▸ **What the task requires**:
Could you restate word for word only the lines below from the one holding "Taistelulaiva Potemkin pommittaa" to the one holding "Black Peak Lapel Long Tuxedo Jacket", inclusive, and leave out the pictures?

▸ **Data under study**:

□ □ □ □ □ □ □

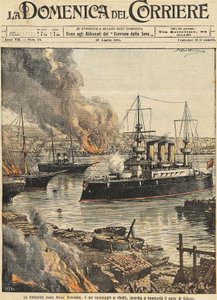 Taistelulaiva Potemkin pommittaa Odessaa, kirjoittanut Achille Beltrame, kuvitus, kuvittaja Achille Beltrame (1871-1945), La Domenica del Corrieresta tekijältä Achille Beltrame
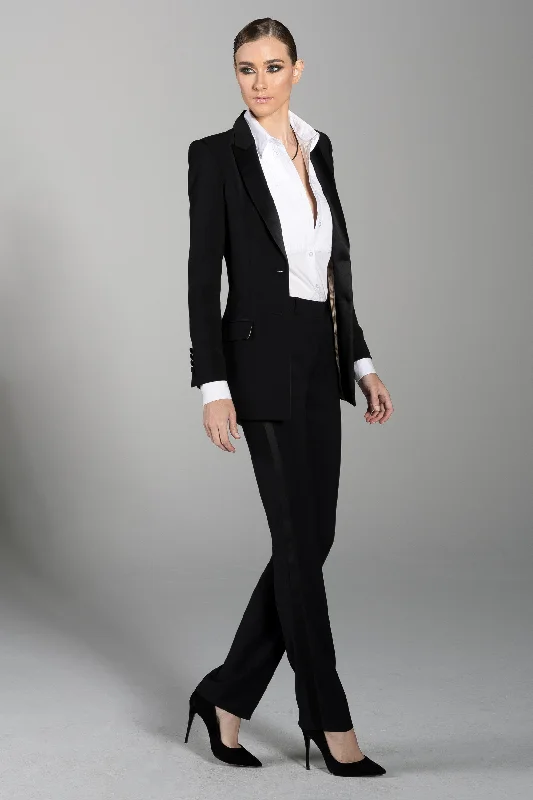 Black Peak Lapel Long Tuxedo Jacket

□ □ □ □ □ □ □

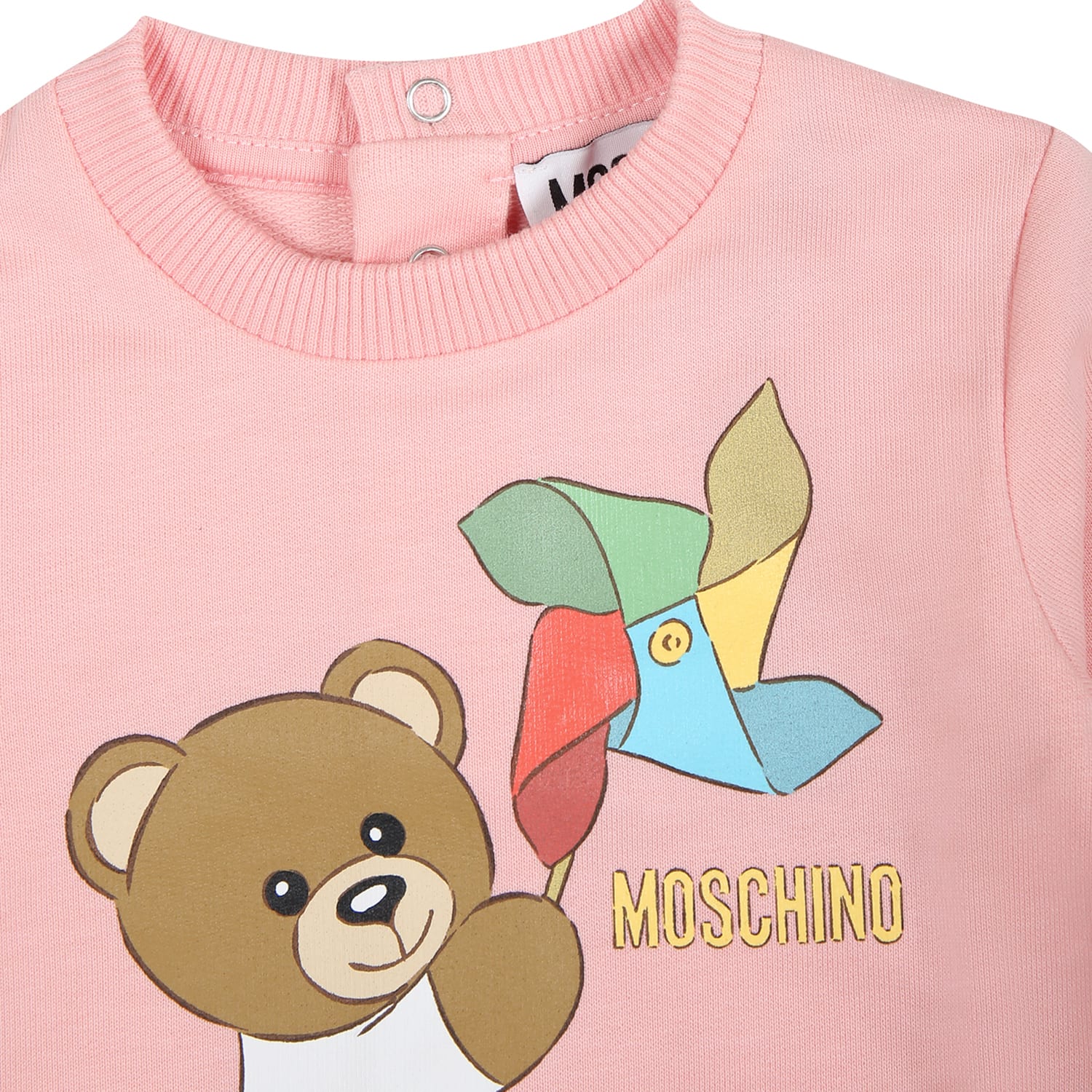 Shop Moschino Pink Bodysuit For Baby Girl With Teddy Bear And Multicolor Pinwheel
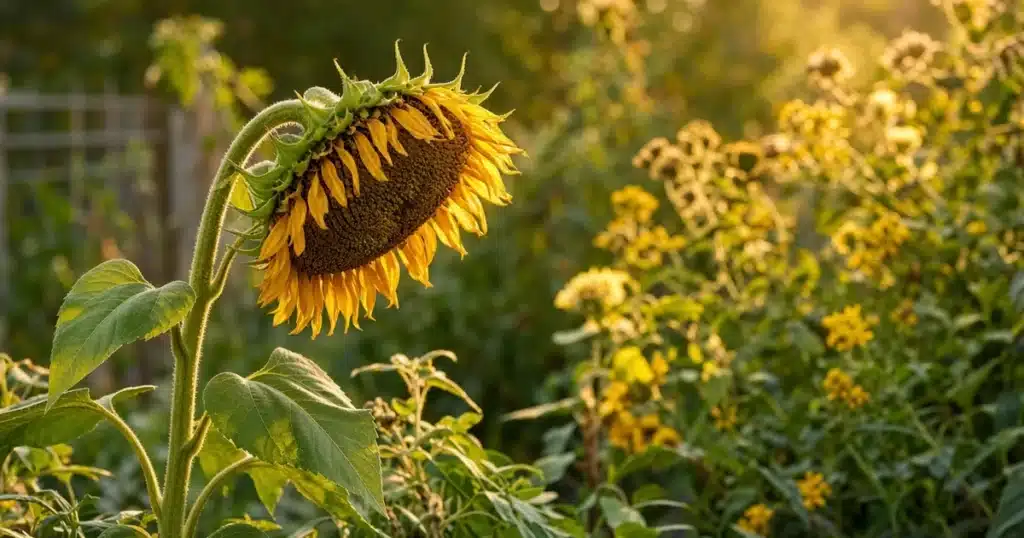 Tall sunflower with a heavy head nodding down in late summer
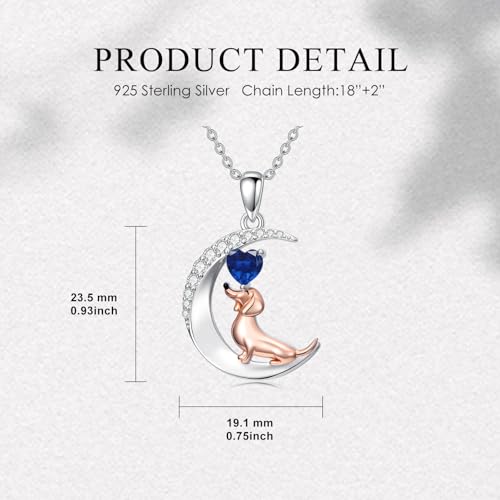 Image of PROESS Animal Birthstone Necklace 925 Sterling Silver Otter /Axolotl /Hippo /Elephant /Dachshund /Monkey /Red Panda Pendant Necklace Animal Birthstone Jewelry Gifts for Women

□ □ □ □ □ □ □

▸ **Response for this exercise**:
 Taistelulaiva Potemkin pommittaa Odessaa, kirjoittanut Achille Beltrame, kuvitus, kuvittaja Achille Beltrame (1871-1945), La Domenica del Corrieresta tekijältä Achille Beltrame
 Black Peak Lapel Long Tuxedo Jacket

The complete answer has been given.